Day one got most of us independently to Gothenburg, Sweden on a hot sunny Sunday afternoon, which provided some time as a tourist to explore the streets and sample the local taste for staggeringly strong coffee. Arrive in Gothenburg and you are immediately struck by the significance that water plays in segmenting the City, both into two halves, north and south and then into smaller portions created by canals and the historic city moat with its distinctive zig zag format.
Days two and three got off to a slightly different start with an exaggerated repeat of Lincoln’s rain, so we arrived with our new hosts as a damp and slightly dishevelled team to begin a round of fascinating presentations, site visits and informal conversations. These covered a range of issues and approaches, including explaining newly developed tool kits being used to engage children and young people in the City’s planning process. It is very humbling to receive such a high quality of presentation from people who are speaking in a foreign language and who are giving up so much of their time to present, explain and show the urban and policy framework of their City.
From an economic development point of view a couple of key things struck me about Gothenburg;
Firstly that the City has made extensive use of companies owned or controlled by the public sector to deliver a whole range of services and regeneration tasks. These companies are strongly profit motivated and provide a flexible and responsive vehicle for the politians on their boards. It was interesting to learn that there is a history of tough negotiation between the companies when the community objectives of one affect the profits of another. All of this takes place, of course, against a complex and fairly inclusive social welfare and housing structure, which seemed to me to be a reflection of the sense of civic pride and responsibility that we encountered throughout the visit.

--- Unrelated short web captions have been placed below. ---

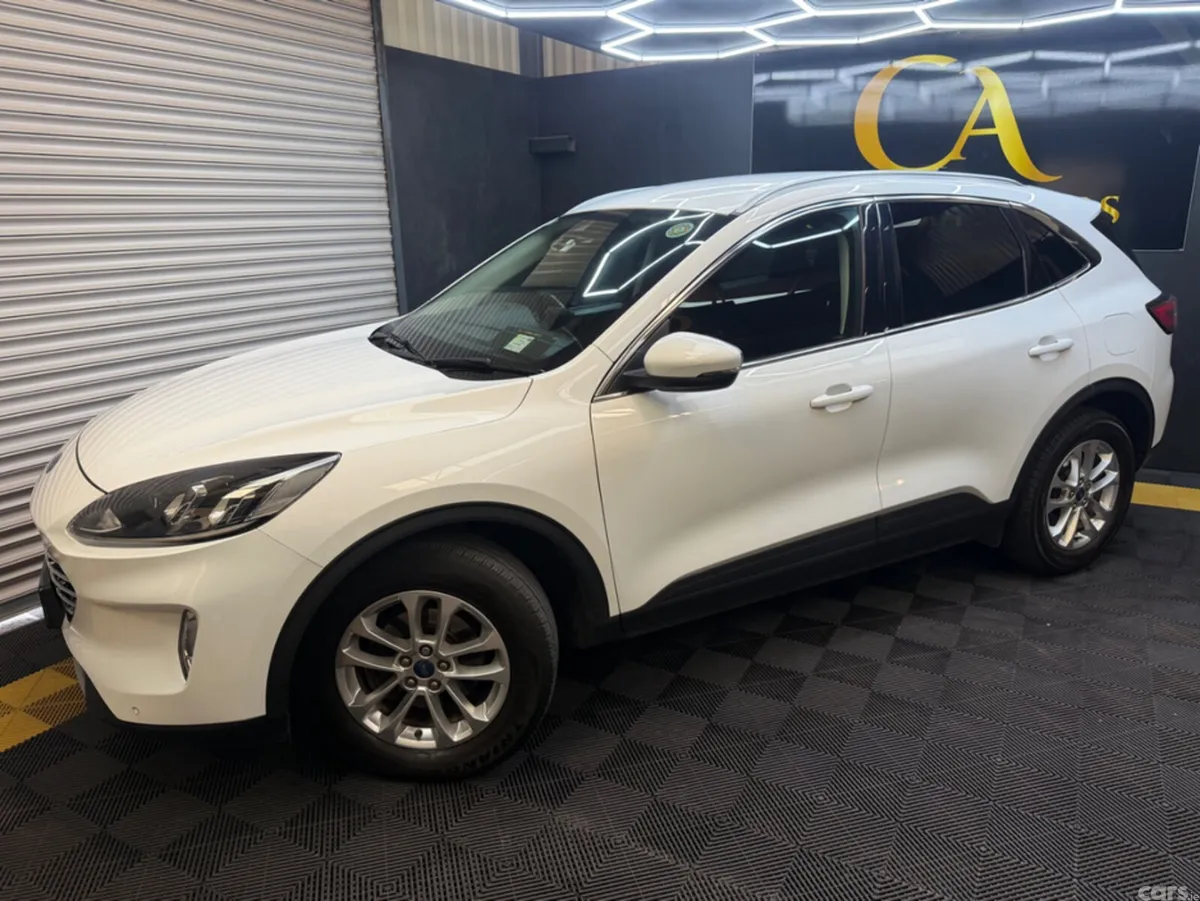 Ford Kuga MPV, Diesel, 2020, White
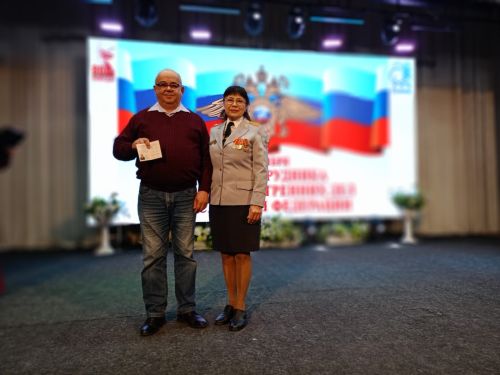 Сотрудники органов внутренних дел в Буинске отметили свой профессиональный праздник (фото)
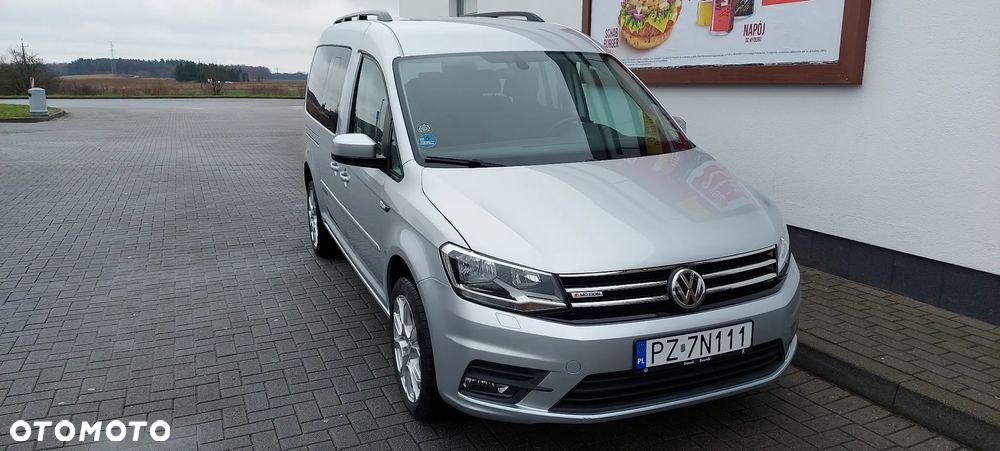 Volkswagen Caddy 2.0 (7-Si.) DSG Maxi Comfortline - 3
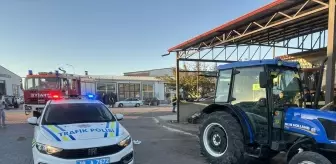 Çorum'da Traktör Kazası: Bir Kişi Yaralandı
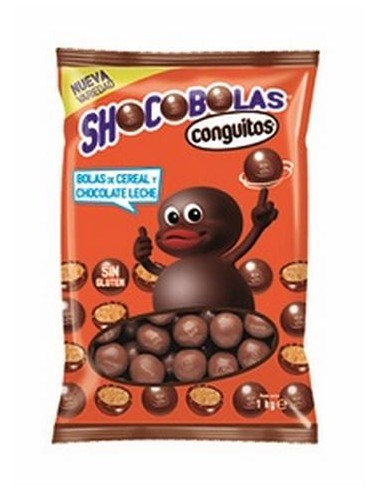BOLSA SCHOCOBOLAS NEGRAS 4x1KG.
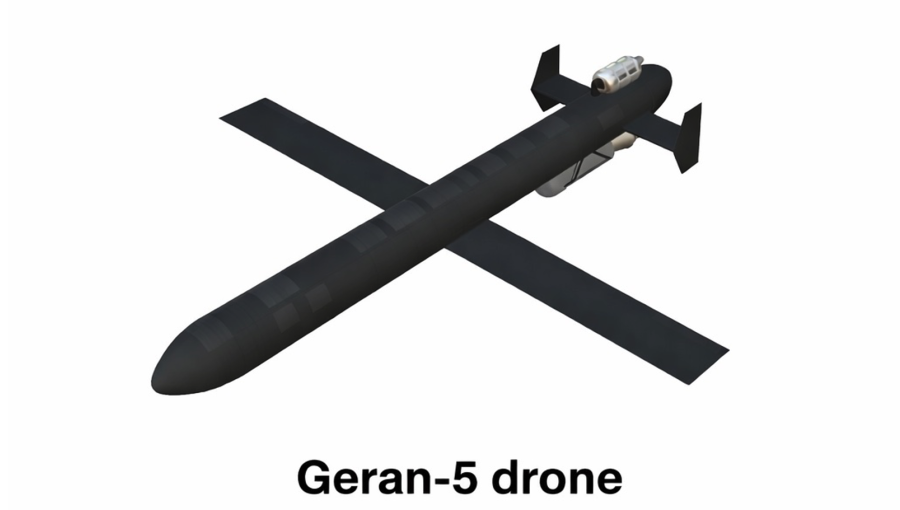 Russia deploys new jet-powered Geran-5 drone, poses problems for Ukraine air defences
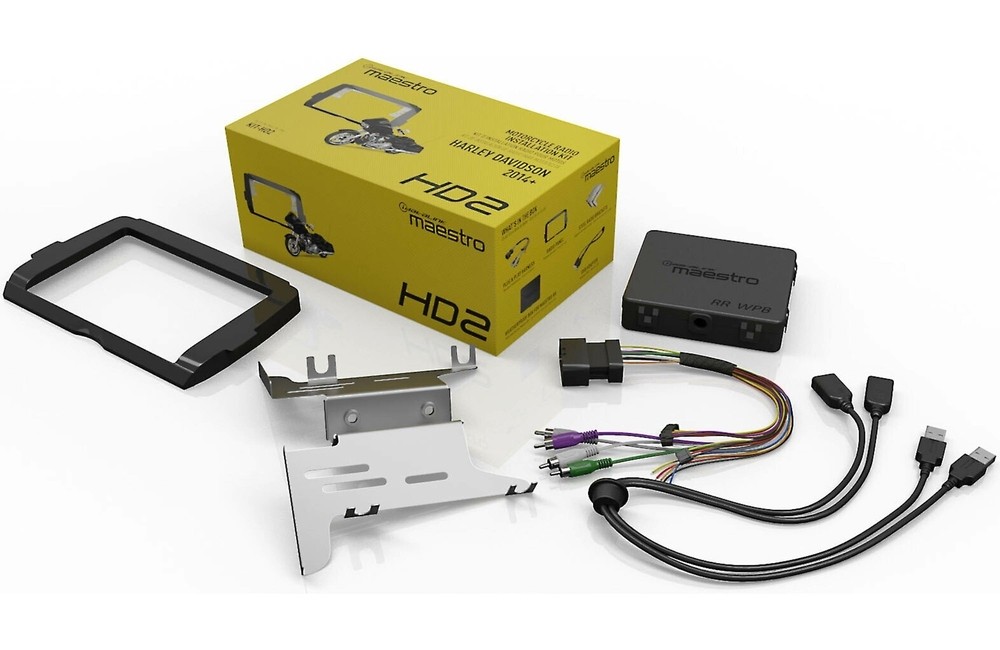 Alpine ILX-W770M Factory Radio Upgrade Kit for 2014-2025 Harley Davidson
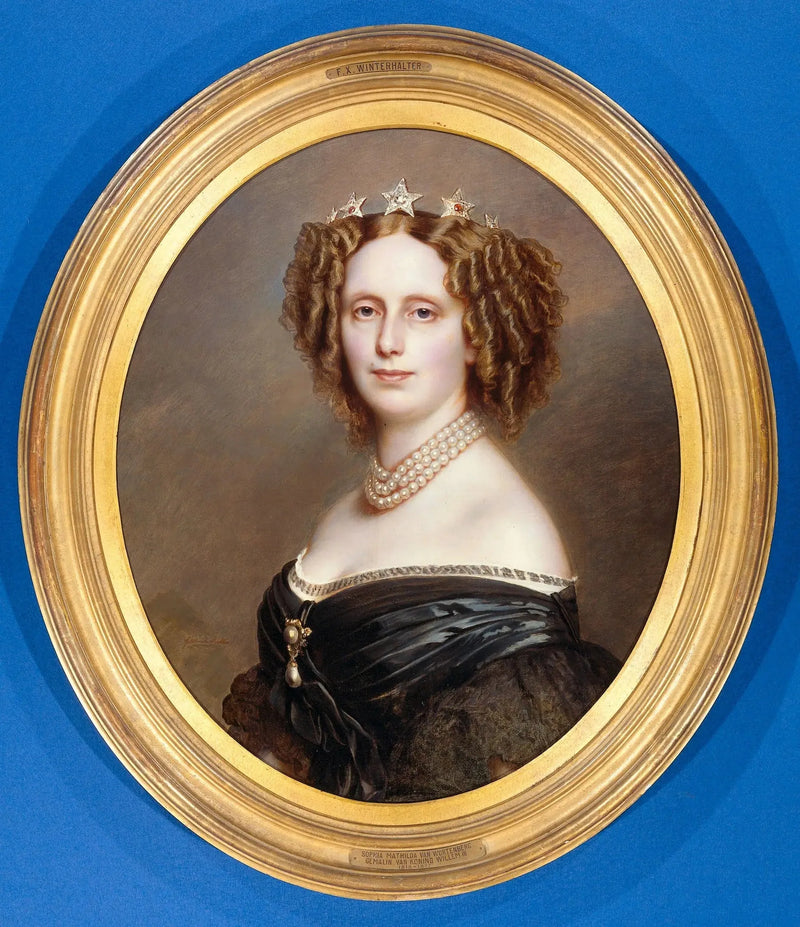 Portrett av Sophie av Württemberg (1818-1877) - Franz Xaver Winterhalter

Source:
Portrait de Sophie van Wurtemberg (1818-1877) - Franz Xaver Winterhalter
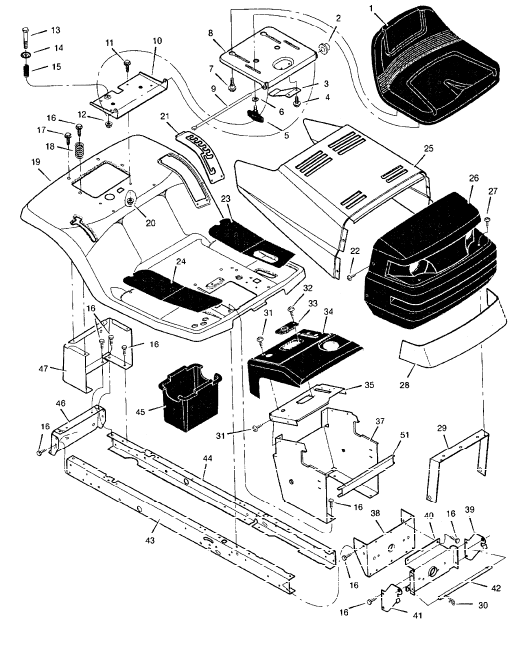 Chassis and Hood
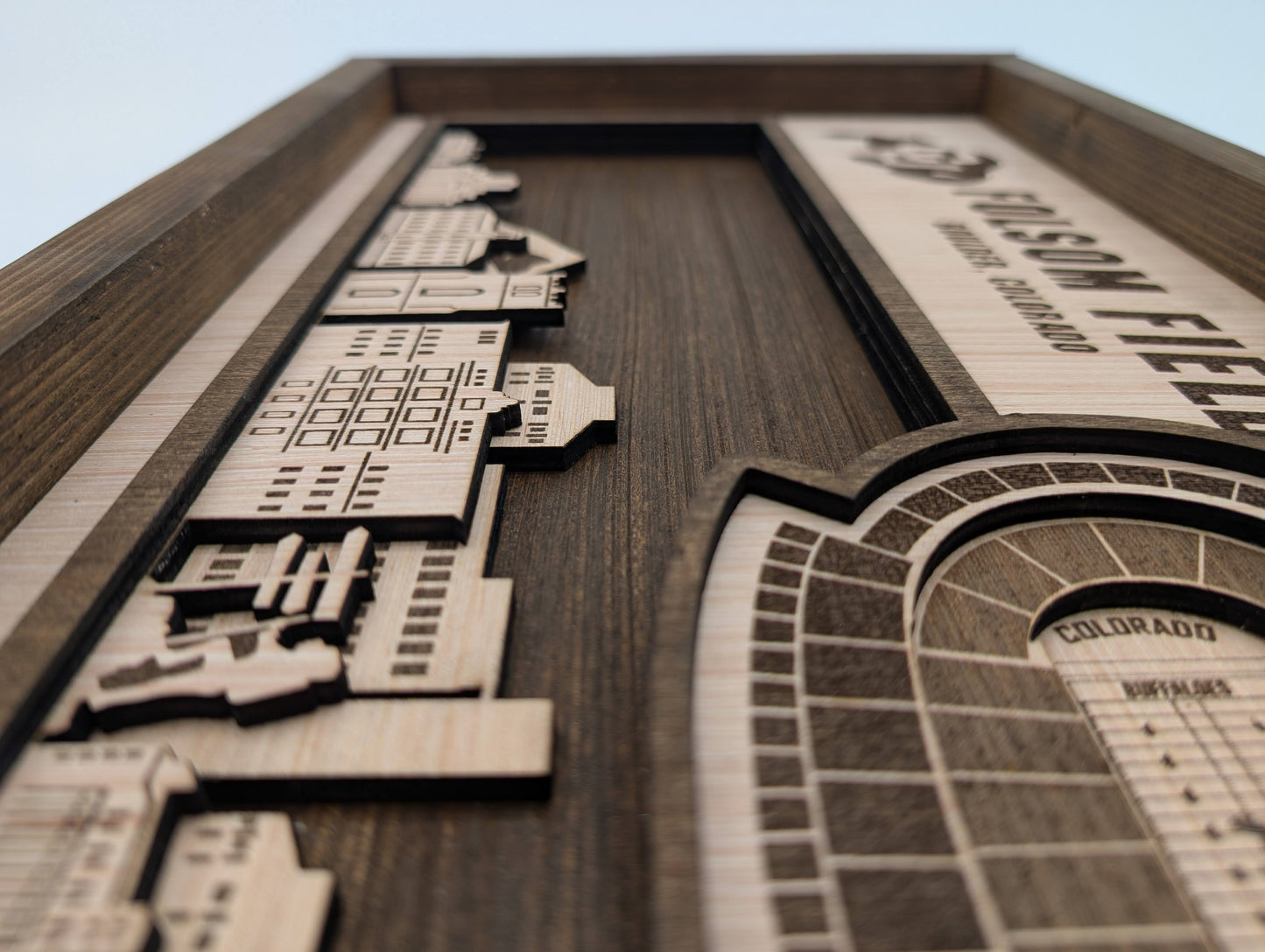 Colorado Football Wall Art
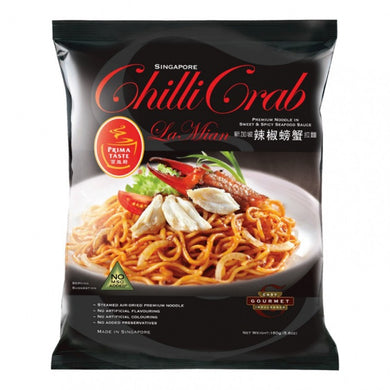 百胜厨 新加坡ChilliCrab辣椒螃蟹方便面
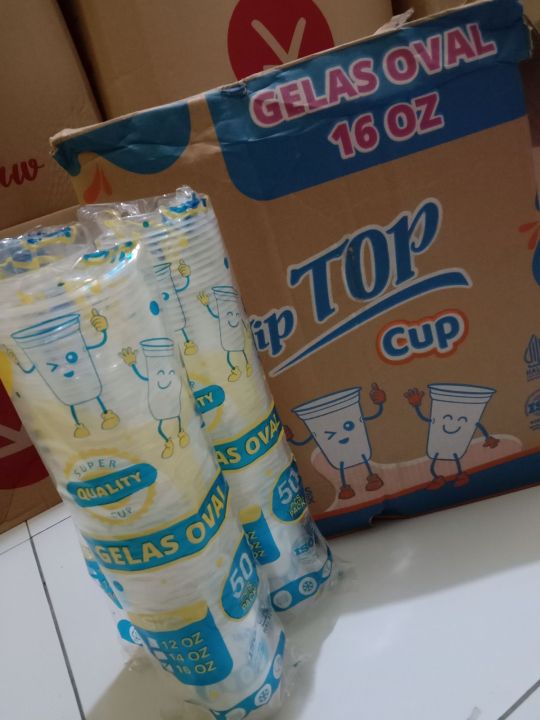 TipTOP Cup Oval / U-Cup 16oz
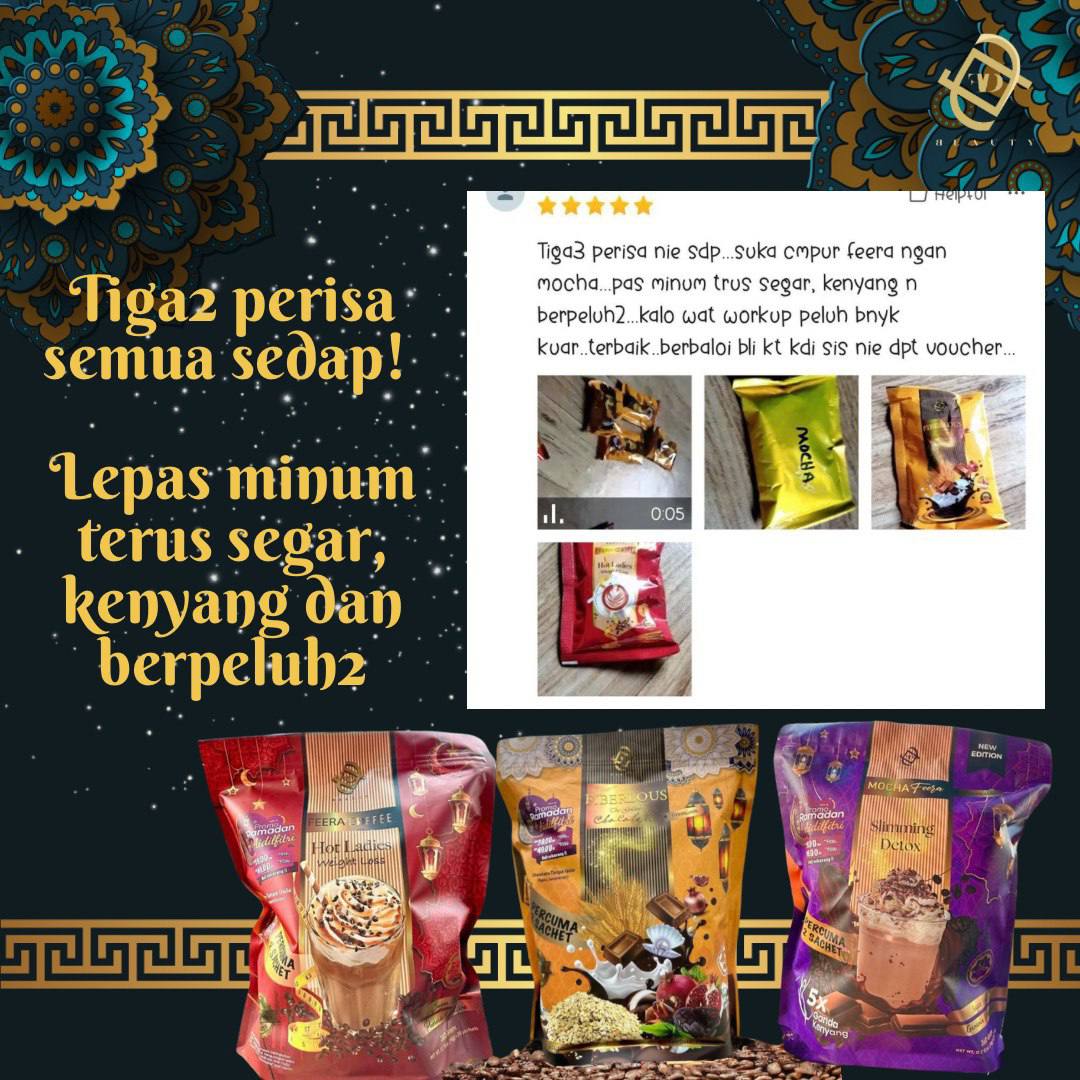 FEERA COFFEE ORIGINAL HQ READY STOK POSTAGE SETIAP HARI | Shopee Malaysia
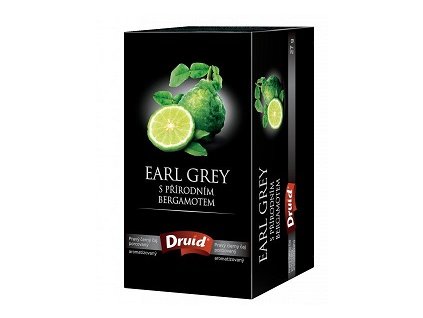 Čaj Earl Grey s přírodním bergamotem 27g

Secondly, the huge scale of regeneration and economic restructuring that the city has seen, and continues to undertake, as it translates former ship building docks into new mixed use developments. Gothenburg is a company town, which takes nothing away from its efforts to diversify the economy, with businesses such as Volvo, Ericson, SKF and Astra Zenica being centred there. Employment has therefore tended to be in big organisations, making the task of developing new small companies even more of a challenge than normal. The regeneration and development effort is however greatly assisted by the fact that the municipality owns most of the development land, which has allowed it to work closely with its universities to develop new science parks and support innovation.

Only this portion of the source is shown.